Often times an athlete will be upset that they are not increasing weight as often once they get past their new begins. Which I think is an important conversation to have with clients. Just managing expectations and recognizing that you may be altering several different factors outside of load. Remember that the body understands stimulus. It does not know how much you are lifting.
In thinking about the overall load of a session, I also like to remind my clients that if they increase weight in their main set, that their accessory set may feel more difficult. That’s not definite, but it can be an experience. So maybe they increased weight on benchpress and then when they get to their push-ups or other accessory work they feel more fatigued or those exercises feel harder. And they might think oh my gosh why am I getting weaker. It’s important to put those pieces together. That increasing load in just one part of a work out increases the entire load of that work out Without touching anything else.
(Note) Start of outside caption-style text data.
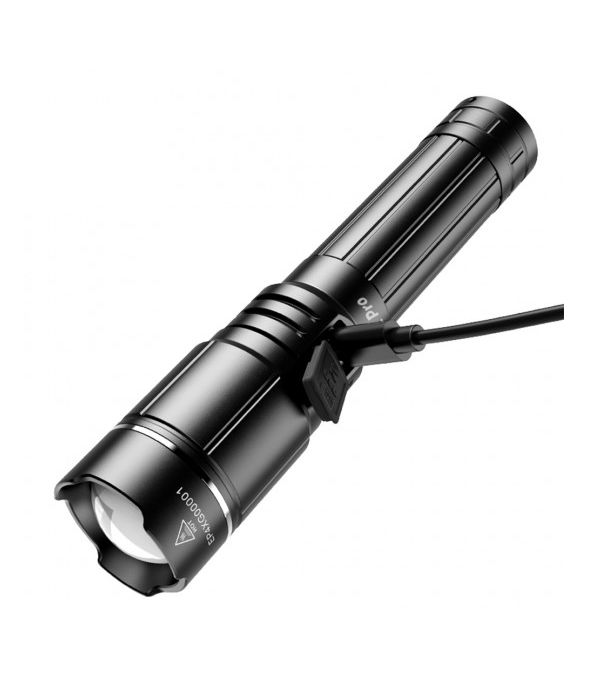 Lampe tactique rechargeable A2 Pro LED 1450 lumens - Klarus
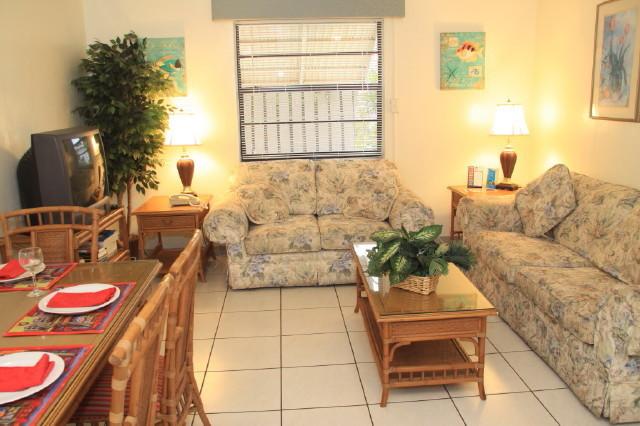 Apto. de un dormitorio (2 matrimoniales)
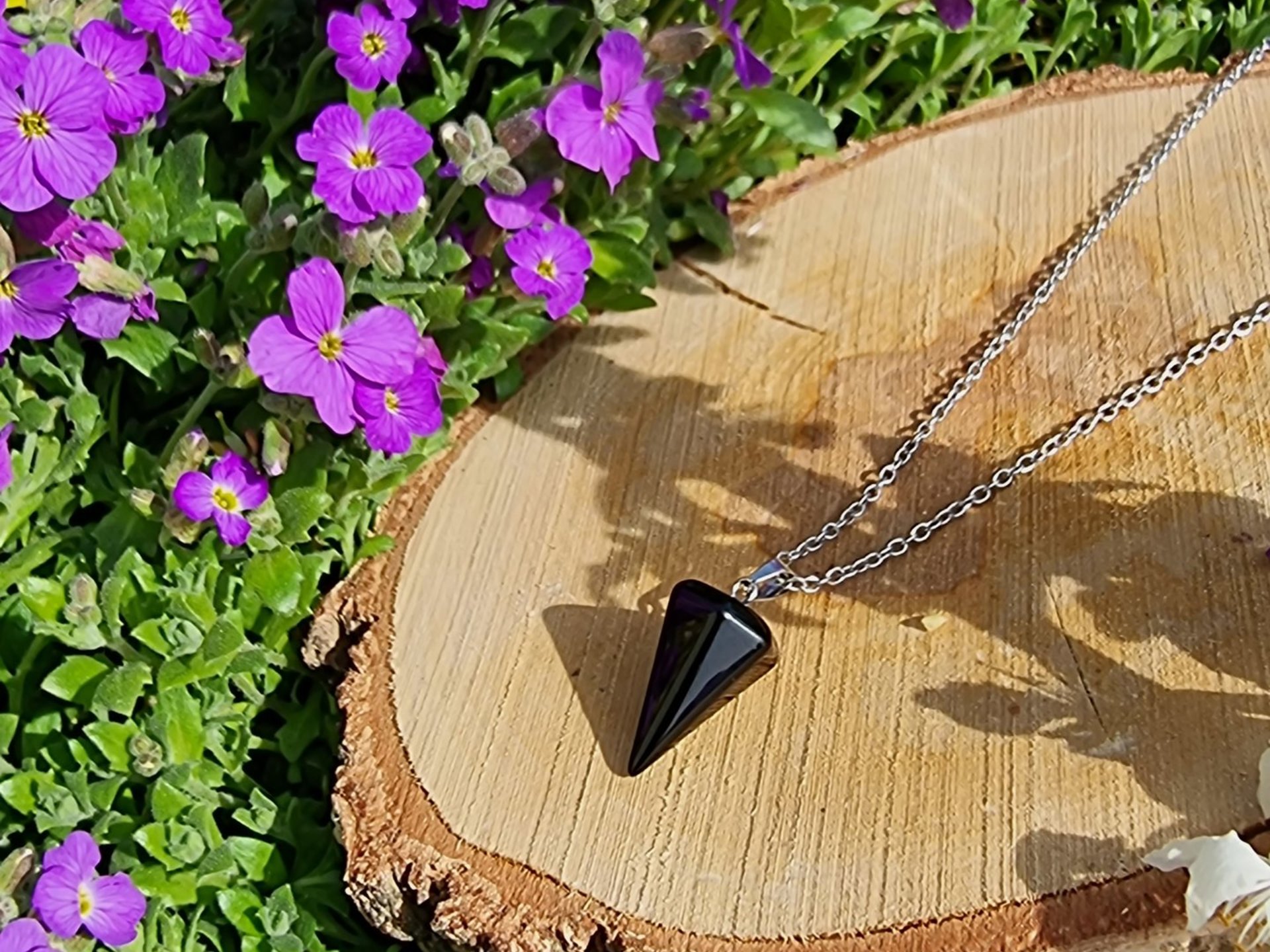 Obsidian Necklace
Now let’s move onto the last aspect of training which is…
Specifically – Range of motion AND how many
I am looking at exercise selection from these points of view. A workout that has four exercises can be just as purposeful as a workout that has eight exercises. The most important thing is that the program is doing what the program is designed to do.
That’s why we see very different approaches in the worlds of powerlifting or strength sports and physique sports. I don’t believe that certain exercises are limited to one purpose. But I do think that different approaches to training certainly benefit or illicit different results. There is a reason bodybuilders try to hit a muscle group from as many angles as possible. That is to recruit as many fibers as possible within that muscle.
I am biased towards range of motion – For muscle development, for strength development, and for longevity of movement. For absolute strength, an ass to grass squat is not going to be most beneficial. We want to limit the range of motion and the demand of the muscle as much as possible when under a maximal load. But that’s not what most people are training for.
So I want you to look at your overall program when looking at exercise selection. I try to have some level of unilateral work, more than one plan of motion, and ensure that a client is getting into their end ranges or using a variety of ranges of motion. Again that’s looking at a birdseye view of just the exercise selection within a work out. When looking at progressing from phase to phase, I like to look at angles used or overall range of motion.
If you change nothing else just like the other factors, you can change range of motion, grip, the stance that you use, or the angle that I muscle is stressed from. And that will provide in theory, a new stimulus. Or new mechanical tension for those muscle fibers being worked. Think about something as simple as pulling a sumo deadlifts from a deficit. Or doing a reverse lunge and then changing that to a curtsy reverse lunge. So this movement now has a glute bias added to it. You could also play with the stance of a split squat and how wide that stance is to either favor the quads or the glutes. You can look at supinated versus pronated grips or wide versus narrow grips or stances.
These are simple changes that we can make within a single movement pattern without changing load tempo or volume in order to change up the stimulus.
My hope is that going over these examples makes your life easier, not more difficult. Simplicity simplicity simplicity is what we’re after. How can you make your program more effective by using simplicity really well?